If at any time during testing the intents ad parameters are not recognized properly then  you can head over to the training tab and correct the behaviour for any bad executions in the history. This will re-train the machine learning model helping with future convesations.

Other Possibilities.

Here are some more stuff you can do to make your UX better.
  1. Make the parameters "Action" section of the intent mandatory to ask the user back if he gives incomplete information in the question.
  2. You can create a follow up intent for any intent to make confirmation or get user choice before you execute what user says. 
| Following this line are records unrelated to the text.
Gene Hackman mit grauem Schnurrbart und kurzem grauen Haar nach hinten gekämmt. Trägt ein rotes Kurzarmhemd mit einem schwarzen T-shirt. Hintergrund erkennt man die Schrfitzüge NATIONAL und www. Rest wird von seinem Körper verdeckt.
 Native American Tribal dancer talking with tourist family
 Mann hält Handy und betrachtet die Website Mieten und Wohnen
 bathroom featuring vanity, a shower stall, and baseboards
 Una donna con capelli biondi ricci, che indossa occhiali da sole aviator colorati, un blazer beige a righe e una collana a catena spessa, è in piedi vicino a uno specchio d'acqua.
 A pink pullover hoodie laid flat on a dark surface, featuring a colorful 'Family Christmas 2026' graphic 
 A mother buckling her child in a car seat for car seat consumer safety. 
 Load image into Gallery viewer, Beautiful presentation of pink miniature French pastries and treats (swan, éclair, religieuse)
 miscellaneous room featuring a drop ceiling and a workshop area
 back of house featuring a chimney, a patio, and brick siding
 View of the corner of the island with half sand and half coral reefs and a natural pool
  3. For follow up questions, you can use the parameters from the existing intent's context. i.e. #context_name.param_name would retrive any earlier parameters and user does not have to repeat the whole question all over again just because he missed out on a specific piece of information.
  4. You can set output context and take decisions based in the intent name from within the webhook prgramatically.
  5. You can optionally send rich output to your phone's Google Assitant which can include images, cards etc.